DEEPEND students, researchers, and collaborators participating in a recent Deep Sea Benefits research cruise in the Gulf of Mexico. From Left: Jane Carrick (PhD student, URI), Nina Ramos (PhD student, FIU), Natalie Howard (PhD student, FAU), Dr. Heather Judkins (USF), Bianca Ruiz (MS student, NSU), Sidney Trimble, MS (Research Tech, NSU)

 

One of DEEPEND's greatest success stories to date is the training of graduate students as they complete master's and doctoral programs.

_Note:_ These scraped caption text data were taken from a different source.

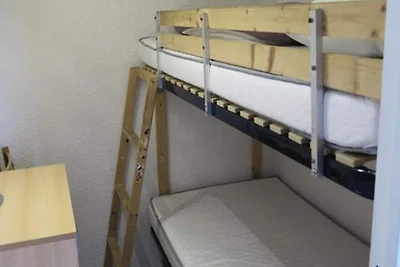 Residenz Hameau De L'Amelie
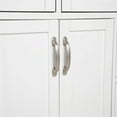 thumbnail image 3 of Member's Mark Linville 48" Vanity with Power Outlets, 3 of 12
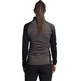 Pull Trangoworld Roulements 710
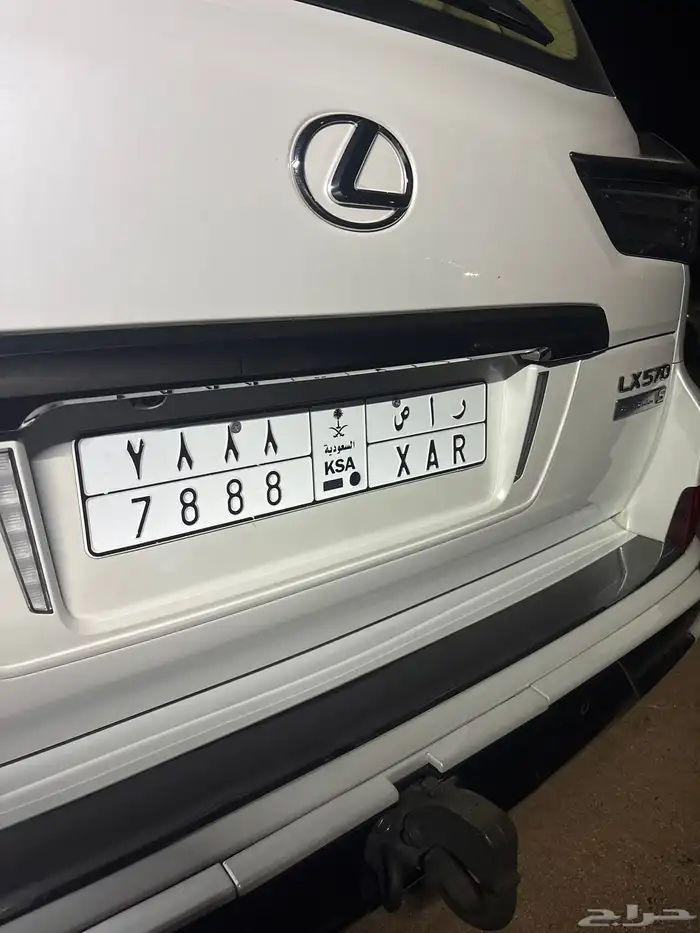 للبيع لوحة 0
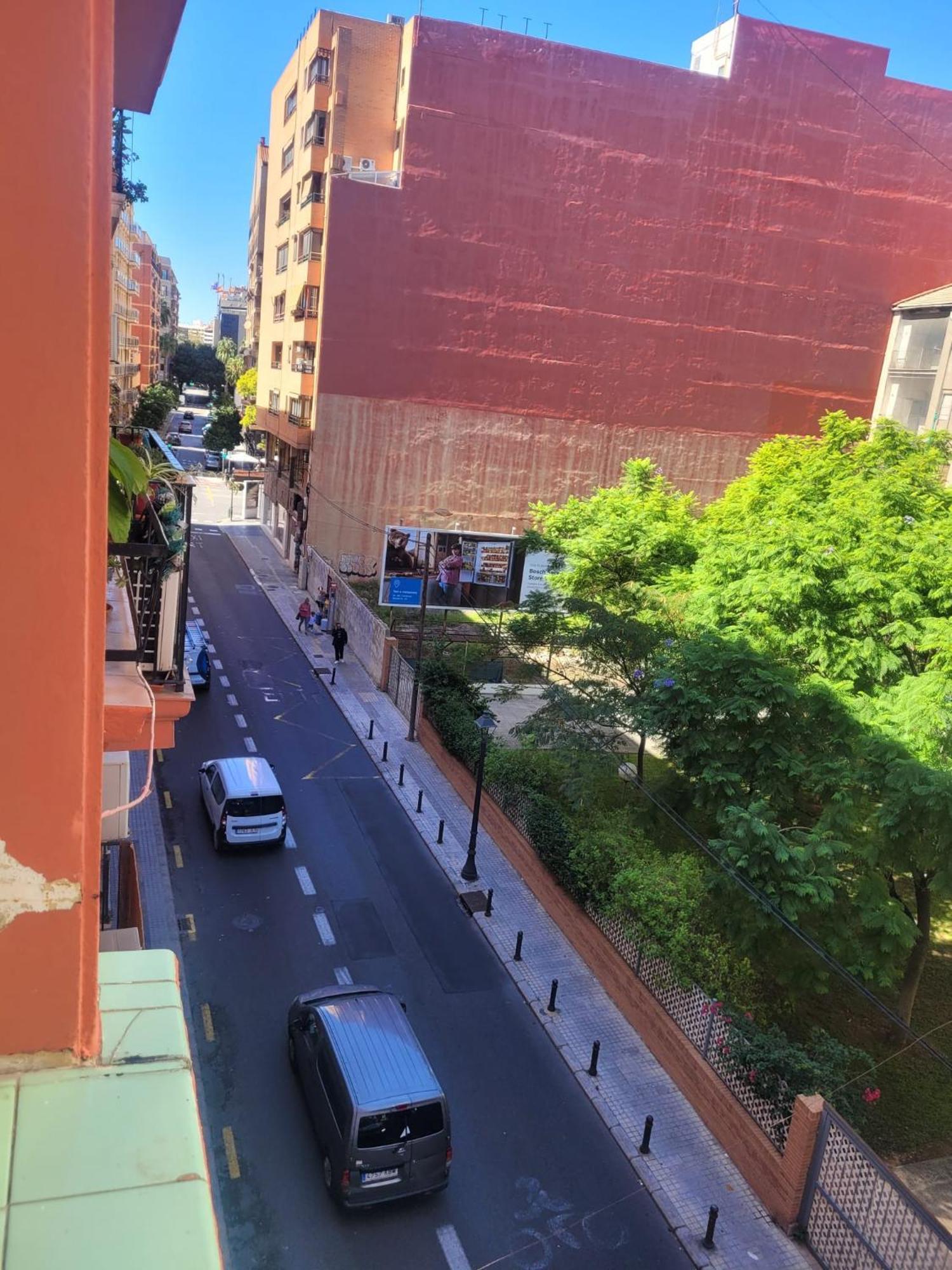 Gemuetliches Zimmer "Gold" Fuer 2 Personen Und Katzenliebhaber Valência Exterior foto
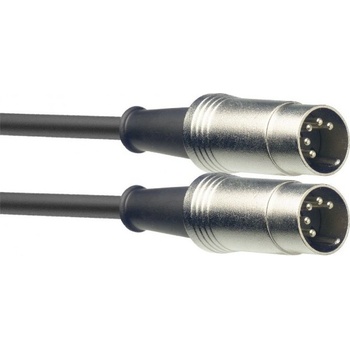 Stagg SMD2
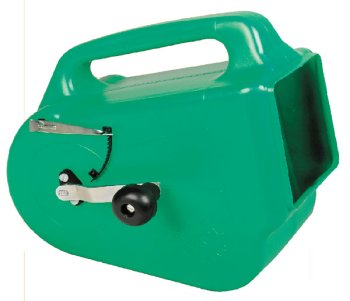 Bon Tool 15-144-B7 External Texture Gun
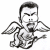 Kizinpulp's Avatar
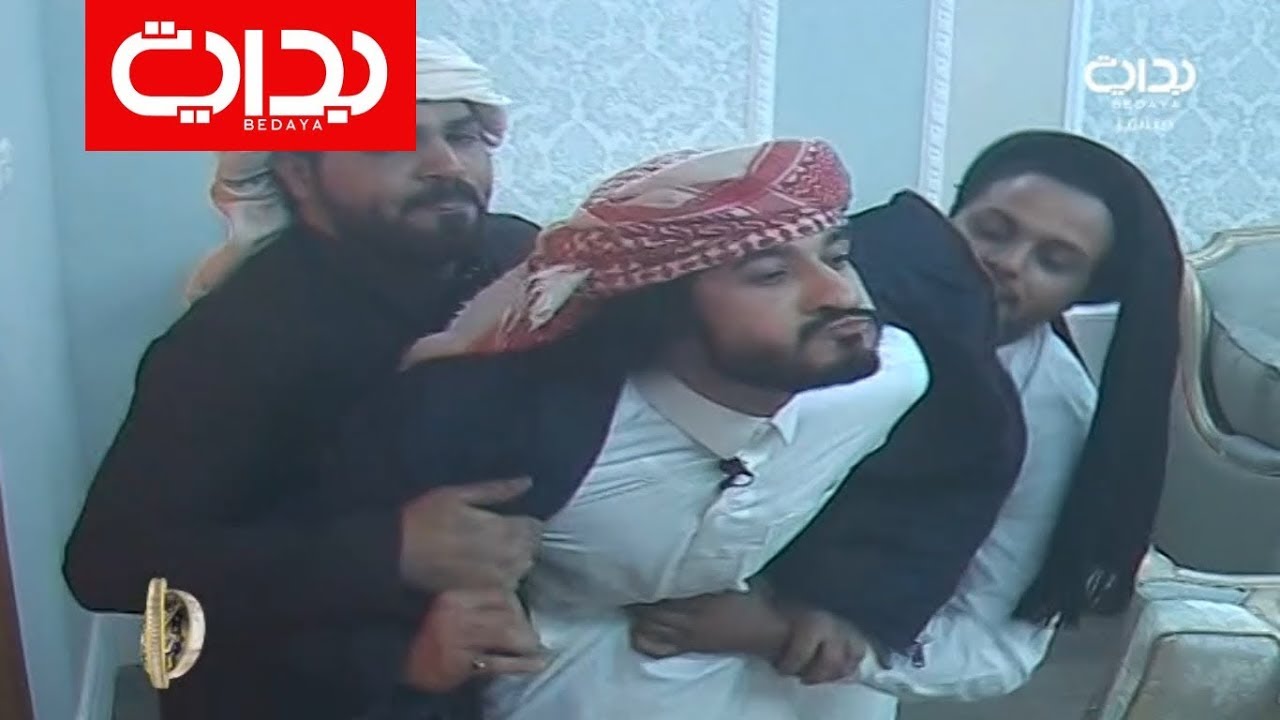 جنون عبدالسلام الشهراني نهاية البث مع محسن بن تركي ومحمد بن جخير وخالد الشيباني | #زد_رصيدك81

DEEPEND research has supported 80 graduate students over the years (17 PhD, 63 MS) which has (to date) resulted in 33 publications with students as first authors. We would like to congratulate our recent graduates, highlight the work of current students, and welcome new students that have started this Fall! You can read more about the research of our current students here and our former students here.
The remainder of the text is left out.